WORK TO BE COMPLETED. Could you set down the listing below exactly and omit its images?

DATASET SECTION.
[Start of section]
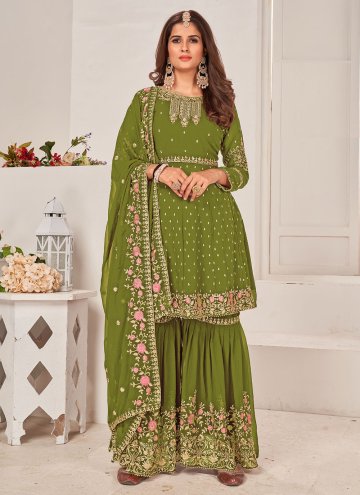 Green color Embroidered Faux Georgette Salwar Suit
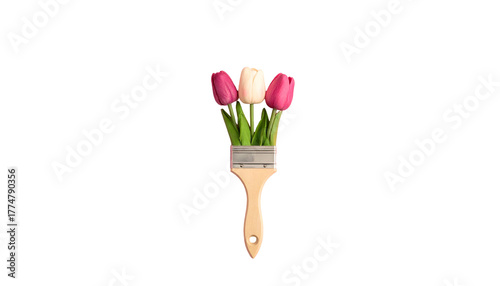 Bouquet of tulips bursting from a paintbrush, set against a stark black background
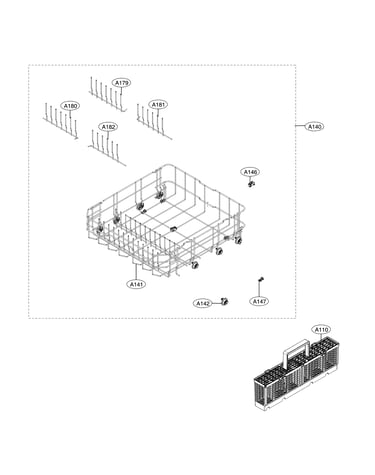 Lower rack assembly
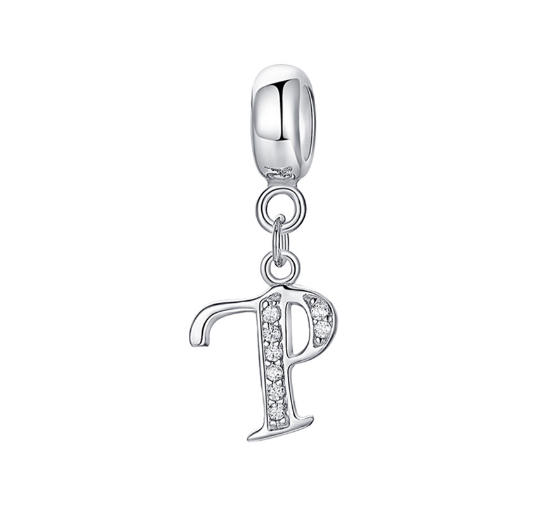 26 English Letter Pendants Suitable For Pandora Bracelet DIY Necklace 925 Silver-Plated Charm Simple Fashion Jewelry Pendant P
[End of section]
SOLUTION BELOW.
 Green color Embroidered Faux Georgette Salwar Suit
 Bouquet of tulips bursting from a paintbrush, set against a stark black background
 Lower rack assembly
 26 English Letter Pendants Suitable For Pandora Bracelet DIY Necklace 925 Silver-Plated Charm Simple Fashion Jewelry Pendant P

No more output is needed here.